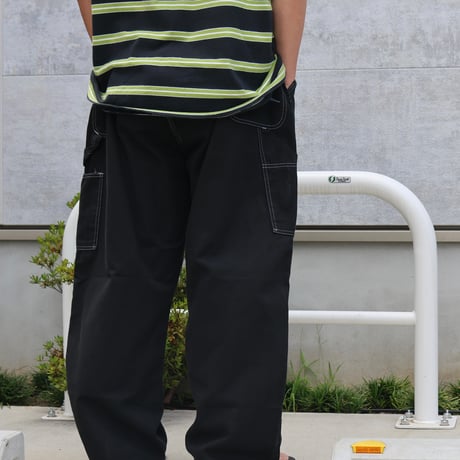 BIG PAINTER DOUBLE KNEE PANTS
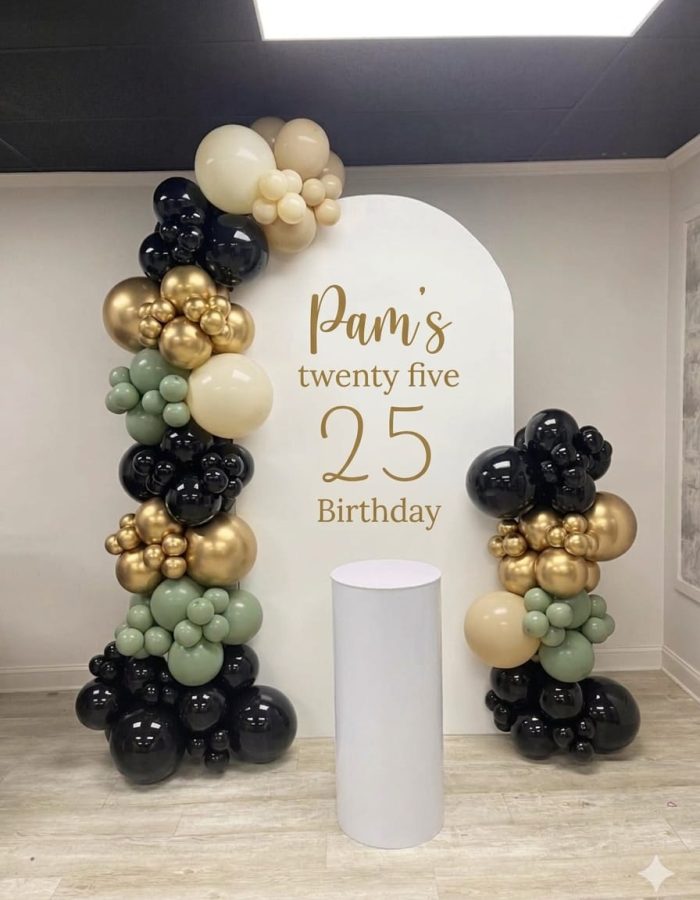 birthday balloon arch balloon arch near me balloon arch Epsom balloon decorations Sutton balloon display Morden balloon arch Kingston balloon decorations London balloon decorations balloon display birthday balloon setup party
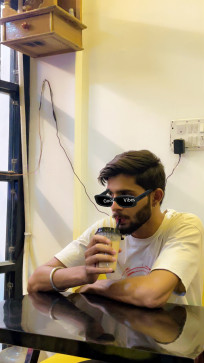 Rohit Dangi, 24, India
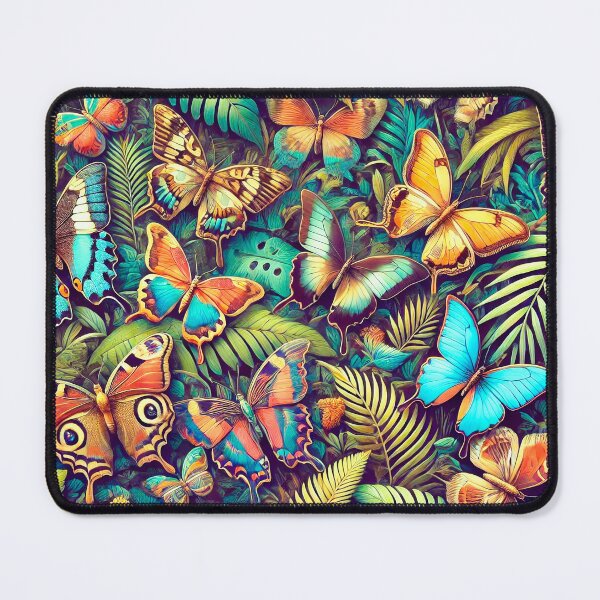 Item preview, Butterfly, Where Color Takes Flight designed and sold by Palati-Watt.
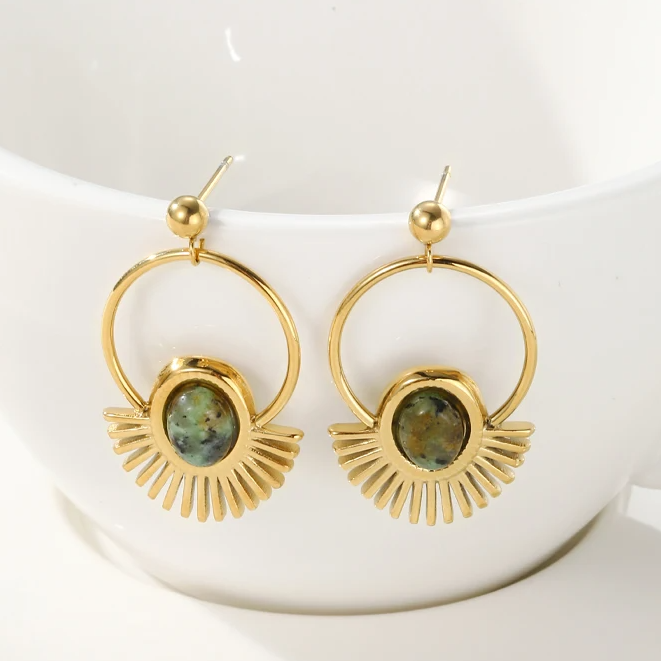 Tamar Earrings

────────

*EXERCISE REQUIREMENTS*
Please print the line that contains "Item preview, Butterfly, Where" along with every later line of the material, exactly, through the last one. Leave pictures out of the copy.

*SOLUTION TO THE PROBLEM*
 Item preview, Butterfly, Where Color Takes Flight designed and sold by Palati-Watt.
 Tamar Earrings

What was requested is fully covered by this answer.